Saved data entries:
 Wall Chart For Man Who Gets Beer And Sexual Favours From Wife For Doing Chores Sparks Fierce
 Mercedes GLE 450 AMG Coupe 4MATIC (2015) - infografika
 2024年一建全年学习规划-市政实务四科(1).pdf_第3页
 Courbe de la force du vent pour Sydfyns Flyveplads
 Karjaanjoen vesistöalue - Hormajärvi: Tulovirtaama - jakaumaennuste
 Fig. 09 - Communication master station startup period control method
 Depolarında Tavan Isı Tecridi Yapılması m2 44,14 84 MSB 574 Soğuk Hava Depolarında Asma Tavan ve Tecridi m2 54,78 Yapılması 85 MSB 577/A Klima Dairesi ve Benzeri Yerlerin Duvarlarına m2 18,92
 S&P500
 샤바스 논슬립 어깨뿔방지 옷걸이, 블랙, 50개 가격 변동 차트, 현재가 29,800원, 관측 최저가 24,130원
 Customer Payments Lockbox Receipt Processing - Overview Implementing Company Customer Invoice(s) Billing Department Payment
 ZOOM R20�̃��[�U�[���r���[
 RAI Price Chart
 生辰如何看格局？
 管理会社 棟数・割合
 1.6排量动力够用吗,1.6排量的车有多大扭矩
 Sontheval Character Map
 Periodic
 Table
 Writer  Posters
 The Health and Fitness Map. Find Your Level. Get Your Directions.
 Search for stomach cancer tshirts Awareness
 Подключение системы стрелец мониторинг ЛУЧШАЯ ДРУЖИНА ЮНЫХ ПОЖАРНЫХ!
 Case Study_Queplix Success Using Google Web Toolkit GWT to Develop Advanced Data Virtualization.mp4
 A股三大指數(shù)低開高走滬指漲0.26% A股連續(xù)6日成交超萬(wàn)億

= TASK DESCRIPTION =
Repeat the entries. Keep each one exactly as written.

= EXERCISE SOLUTION =
 Wall Chart For Man Who Gets Beer And Sexual Favours From Wife For Doing Chores Sparks Fierce
 Mercedes GLE 450 AMG Coupe 4MATIC (2015) - infografika
 2024年一建全年学习规划-市政实务四科(1).pdf_第3页
 Courbe de la force du vent pour Sydfyns Flyveplads
 Karjaanjoen vesistöalue - Hormajärvi: Tulovirtaama - jakaumaennuste
 Fig. 09 - Communication master station startup period control method
 Depolarında Tavan Isı Tecridi Yapılması m2 44,14 84 MSB 574 Soğuk Hava Depolarında Asma Tavan ve Tecridi m2 54,78 Yapılması 85 MSB 577/A Klima Dairesi ve Benzeri Yerlerin Duvarlarına m2 18,92
 S&P500
 샤바스 논슬립 어깨뿔방지 옷걸이, 블랙, 50개 가격 변동 차트, 현재가 29,800원, 관측 최저가 24,130원
 Customer Payments Lockbox Receipt Processing - Overview Implementing Company Customer Invoice(s) Billing Department Payment
 ZOOM R20�̃��[�U�[���r���[
 RAI Price Chart
 生辰如何看格局？
 管理会社 棟数・割合
 1.6排量动力够用吗,1.6排量的车有多大扭矩
 Sontheval Character Map
 Periodic
 Table
 Writer  Posters
 The Health and Fitness Map. Find Your Level. Get Your Directions.
 Search for stomach cancer tshirts Awareness
 Подключение системы стрелец мониторинг ЛУЧШАЯ ДРУЖИНА ЮНЫХ ПОЖАРНЫХ!
 Case Study_Queplix Success Using Google Web Toolkit GWT to Develop Advanced Data Virtualization.mp4
 A股三大指數(shù)低開高走滬指漲0.26% A股連續(xù)6日成交超萬(wàn)億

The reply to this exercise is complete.